WHAT YOU ARE ASKED TO DO: The answer must be every line below that holds the word "Nike".

GIVEN INFORMATION:
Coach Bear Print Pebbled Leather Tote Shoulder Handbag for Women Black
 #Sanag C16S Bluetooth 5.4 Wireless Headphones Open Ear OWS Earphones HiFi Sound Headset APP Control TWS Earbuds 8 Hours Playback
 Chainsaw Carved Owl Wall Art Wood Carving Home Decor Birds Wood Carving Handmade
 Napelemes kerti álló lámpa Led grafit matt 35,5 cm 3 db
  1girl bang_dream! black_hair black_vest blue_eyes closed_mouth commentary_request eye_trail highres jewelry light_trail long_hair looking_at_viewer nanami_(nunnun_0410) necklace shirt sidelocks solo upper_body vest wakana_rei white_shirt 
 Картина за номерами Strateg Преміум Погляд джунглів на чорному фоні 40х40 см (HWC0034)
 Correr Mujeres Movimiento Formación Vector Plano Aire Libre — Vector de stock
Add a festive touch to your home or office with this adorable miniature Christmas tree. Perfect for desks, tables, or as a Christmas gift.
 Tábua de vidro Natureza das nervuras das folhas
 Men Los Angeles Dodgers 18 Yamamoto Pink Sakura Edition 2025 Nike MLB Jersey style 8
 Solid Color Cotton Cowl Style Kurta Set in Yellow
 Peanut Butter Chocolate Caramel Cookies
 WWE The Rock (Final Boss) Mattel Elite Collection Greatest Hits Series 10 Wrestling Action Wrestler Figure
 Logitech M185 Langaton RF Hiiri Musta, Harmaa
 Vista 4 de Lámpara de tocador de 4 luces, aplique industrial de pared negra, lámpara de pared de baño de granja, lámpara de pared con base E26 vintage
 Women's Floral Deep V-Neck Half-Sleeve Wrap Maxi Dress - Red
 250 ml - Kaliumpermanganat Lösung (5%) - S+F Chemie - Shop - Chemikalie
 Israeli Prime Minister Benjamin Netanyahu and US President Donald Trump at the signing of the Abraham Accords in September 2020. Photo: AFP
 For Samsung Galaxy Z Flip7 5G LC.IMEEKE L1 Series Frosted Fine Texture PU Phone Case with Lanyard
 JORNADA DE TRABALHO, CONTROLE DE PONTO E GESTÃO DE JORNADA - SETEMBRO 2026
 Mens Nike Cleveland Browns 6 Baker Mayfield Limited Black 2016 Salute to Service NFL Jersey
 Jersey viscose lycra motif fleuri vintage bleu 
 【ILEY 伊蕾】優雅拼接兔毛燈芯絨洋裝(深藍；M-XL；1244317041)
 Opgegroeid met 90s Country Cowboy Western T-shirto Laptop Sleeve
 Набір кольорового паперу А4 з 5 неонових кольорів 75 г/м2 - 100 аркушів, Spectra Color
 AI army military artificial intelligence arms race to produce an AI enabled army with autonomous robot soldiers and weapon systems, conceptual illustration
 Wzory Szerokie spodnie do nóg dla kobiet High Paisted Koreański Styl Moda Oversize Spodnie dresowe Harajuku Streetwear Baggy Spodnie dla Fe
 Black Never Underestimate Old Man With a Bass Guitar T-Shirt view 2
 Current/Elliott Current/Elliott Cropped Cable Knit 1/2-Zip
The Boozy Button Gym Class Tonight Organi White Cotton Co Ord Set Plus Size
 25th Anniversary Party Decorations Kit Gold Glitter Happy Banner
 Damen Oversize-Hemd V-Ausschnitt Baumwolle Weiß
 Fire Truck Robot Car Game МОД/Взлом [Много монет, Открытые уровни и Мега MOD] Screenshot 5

ANSWER SECTION:
 Men Los Angeles Dodgers 18 Yamamoto Pink Sakura Edition 2025 Nike MLB Jersey style 8
 Mens Nike Cleveland Browns 6 Baker Mayfield Limited Black 2016 Salute to Service NFL Jersey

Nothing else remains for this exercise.